It is also notable for being Atom’s first outside funding. The company, founded in 2018, had been profitable and bootstrapped up to now, and it’s grown quite impressively in the last three years. Currently, Atom is used by 500 primary (elementary) schools in the UK, totaling some 100,000 students. (Given that there are some 22,000 primary schools in the country, it has a lot of growing left to do here.)

Co-founded by Jake O’Keeffe and Alexander Hatvany, O’Keeffe tells me that the two had their first taste of online learning when they worked as online tutors when still at university — very much a common side-gig for undergrads in the UK, where pre-university students face a battery of standardized tests as they go through their years in school, which each set narrowing the field for students and where they will end up for university, what they ultimately study, and essentially do with their lives.

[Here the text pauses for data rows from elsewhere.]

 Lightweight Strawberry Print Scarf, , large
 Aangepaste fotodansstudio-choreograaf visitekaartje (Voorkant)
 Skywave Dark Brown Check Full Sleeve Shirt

(Indeed, as a parent of UK students who didn’t grow up here, I can tell you it’s a super stressful system that seems very far from perfect in all kinds of ways.)

Covering all ages and all subjects, the pair quickly saw the shortcomings in the model.

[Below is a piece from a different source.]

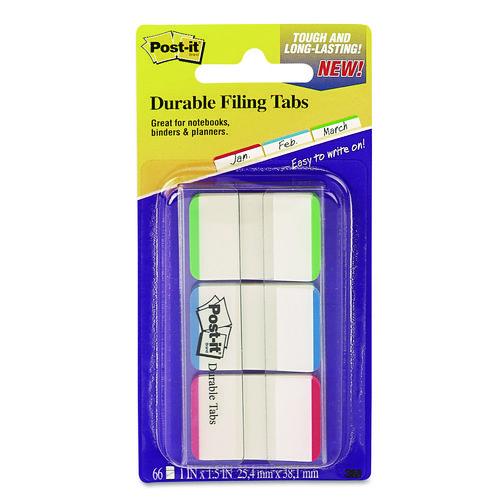 Post-it Tabs 1" Lined Tabs, 1/5-Cut, Lined, Assorted Colors, 1" Wide, 66/Pack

“We could see that no two private tutors were the same, even if the costs were always high,” he said. “We thought there was an opportunity to build a fully-automated platform to help standardize the quality and the price.”

They chose to focus on primary-aged children, he said, not only because there were already a number of online tutoring services out in the market for secondary-school students (aged 12-18), but also because they believed that the fundamentals of learning needed to be addressed at a younger age.

“If kids don’t learn those skills by the time they are 11, it’s hard to recover from that when you are older,” O’Keeffe said.

The obvious place for Atom was to start was online learning aimed at students. Specifically, it has built a three-tier model aimed first at teaching students the basics according to the national core curriculum (priced at £9.99/month); and then two subsequent tiers (£49.99/ and £59.99/month) aimed at students that are preparing for senior school entry exams — a system here in the UK for students going to private schools or for certain grammar schools.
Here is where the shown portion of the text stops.